Very interesting birthdays today. A very long time ago I once had a very vitriolic but characteristically nonsensical (on my part) argument with my father about who had a greater impact on history, Isaac Newton or Albert Einstein. I knew what my father wanted me to say -- he was an engineer, so he would have believed (correctly, I might add) that Newton was greater, because his fundamental work on physics had a much greater practical application, while Einstein's work on space, time and relativity was more theoretical. I refused to make an argument for Einstein, however, preferring, in the fashion of the Ivy League pseudo-intellectual that I was at the time, to argue that such questions of who was "greater" were illegitimate in themselves, that such distinctions were unsophisticated, or some such nonsense. (A position not unlike the current "No Labels" impulse in politics, which presumes that not believing in anything strongly is somehow more sophisticated or intelligent.) Anyway, I managed to single-handedly (or single-mindedly) ruin a perfectly good family dinner.

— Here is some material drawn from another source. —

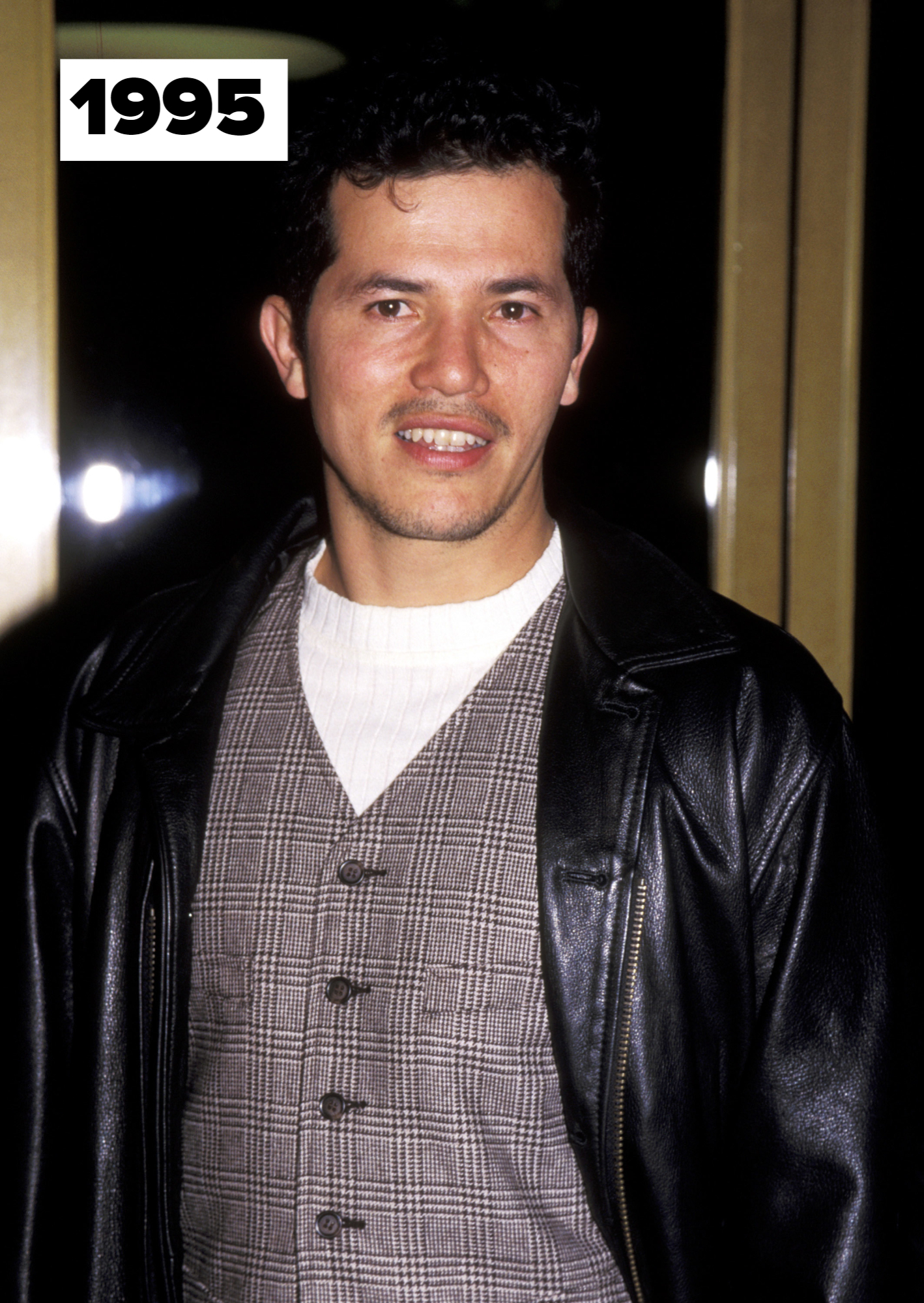 John Leguizamo in 1995, wearing a plaid vest over a white shirt with a black leather jacket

Isaac Newton was born today in 1643.
It's also Dan Quayle's 63rd birthday. I have always thought he got a raw deal and got unfairly stigmatized as "stupid" when he was Vice President.* That's what the liberal media does to attractive young conservatives. As of 1992, Quayle had been a Congressman for four years, a Senator for eight years, and Vice President for four years, at a time when the Soviet Union collapsed and the Bush I administration won the first Gulf War. In other words, he would have been spectacularly well-qualified to be President, and I can't help thinking that, had things gone differently, he might have made a good one. But sometimes those boats sail, and there's not much you can do about it. According to this website, Quayle is now Chairman of Global Operations for Cerberus Capital Management, a $16 billion private investment bank. And, his son Ben Quayle has just been elected to Congress. So maybe he's getting a bit of the last laugh.
Finally, also born today, in 1896, was the Illinois Senator Everett Dirksen, who famously said, in talking about government spending, "a billion here, a billion there.... pretty soon you're talking about real money." Wonder what he'd say today when the federal debt just passed $14 trillion? The sky is falling, and Senator Dirksen is no doubt spinning in his grave.